Elliptic is a widely-used JavaScript library for elliptic curve cryptography. It supports multiple curves, including secp256k1. Compared to @noble/secp256k1, elliptic is more versatile but may be less optimized for performance in secp256k1-specific use cases.

secp256k1

Secp256k1 is a native Node.js binding to the secp256k1 library used in Bitcoin. It is highly optimized for performance but requires native compilation, which can be a drawback for some users. @noble/secp256k1, being a pure JavaScript implementation, is easier to use in browser environments.

bitcoinjs-lib

BitcoinJS is a library for Bitcoin-related operations, including key generation, signing, and verification using secp256k1. While it offers a broader range of Bitcoin-specific functionalities, it is less focused on general elliptic curve cryptography compared to @noble/secp256k1.

README

noble-secp256k1

Fastest JS implementation of secp256k1, an elliptic curve that could be used for asymmetric encryption, ECDH key agreement protocol and signature schemes. Supports deterministic ECDSA from RFC6979 and Schnorr signatures from BIP0340.

Audited by an independent security firm. Check out the online demo and blog post: Learning fast elliptic-curve cryptography in JS

This library belongs to noble crypto

noble-crypto — high-security, easily auditable set of contained cryptographic libraries and tools.

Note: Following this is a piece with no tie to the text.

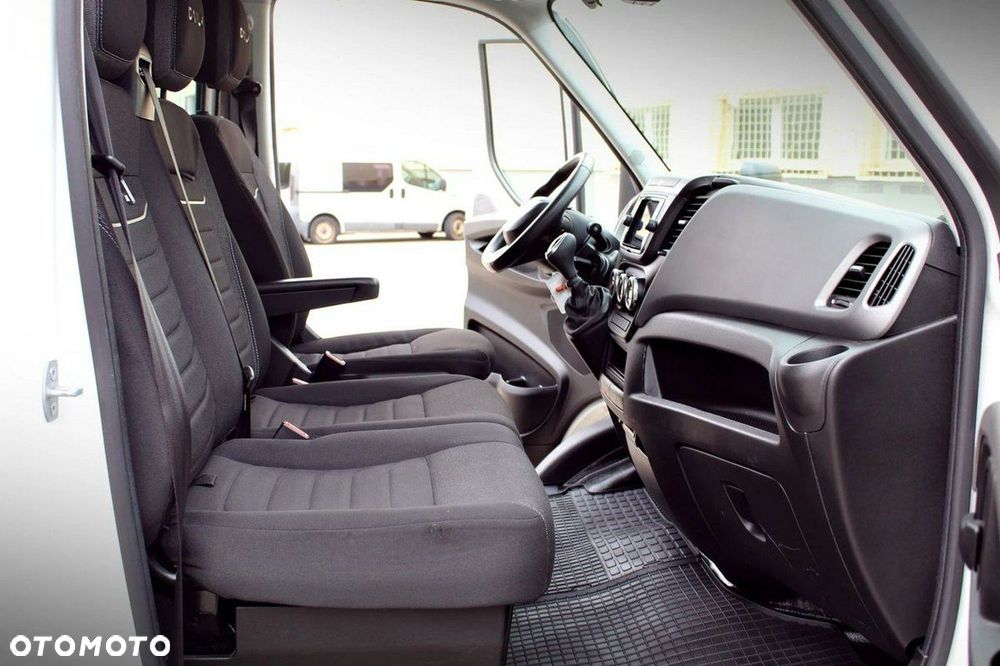 Iveco Daily 35S18 kontener 9eu palet + winda Dhollandia750kg - 24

• No dependencies, one small file
• Easily auditable TypeScript/JS code
• Supported in all major browsers and stable node.js versions
• All releases are signed with PGP keys
• Check out homepage & all libraries: secp256k1, ed25519, bls12-381, hashes

Usage

Use NPM in node.js / browser, or include single file from GitHub's releases page:

npm install @noble/secp256k1

// Common.js and ECMAScript Modules (ESM)
import * as secp from '@noble/secp256k1';
// If you're using single file, use global variable instead: `window.nobleSecp256k1`

// Supports both async and sync methods, see docs
(async () => {
  // keys, messages & other inputs can be Uint8Arrays or hex strings
  // Uint8Array.from([0xde, 0xad, 0xbe, 0xef]) === 'deadbeef'
  const privKey = secp.utils.randomPrivateKey();
  const pubKey = secp.getPublicKey(privKey);
  const msgHash = await secp.utils.sha256('hello world');
  const signature = await secp.sign(msgHash, privKey);
  const isValid = secp.verify(signature, msgHash, pubKey);

  // Schnorr signatures
  const rpub = secp.schnorr.getPublicKey(privKey);
  const rsignature = await secp.schnorr.sign(message, privKey);
  const risValid = await secp.schnorr.verify(rsignature, message, rpub);
})();

To use the module with Deno, you will need import map:

• deno run --import-map=imports.json app.ts
• app.ts: import * as secp from "https://deno.land/x/secp256k1/mod.ts";
• imports.json: {"imports": {"crypto": "https://deno.land/std@0.153.0/node/crypto.ts"}}

API

• getPublicKey(privateKey)
• sign(msgHash, privateKey)
• verify(signature, msgHash, publicKey)
• getSharedSecret(privateKeyA, publicKeyB)
• recoverPublicKey(hash, signature, recovery)
• schnorr.getPublicKey(privateKey)
• schnorr.sign(message, privateKey)
• schnorr.verify(signature, message, publicKey)
• Utilities

getPublicKey(privateKey)

function getPublicKey(privateKey: Uint8Array | string | bigint, isCompressed = false): Uint8Array;

Creates public key for the corresponding private key. The default is full 65-byte key.

• isCompressed = false determines whether to return compact (33-byte), or full (65-byte) key.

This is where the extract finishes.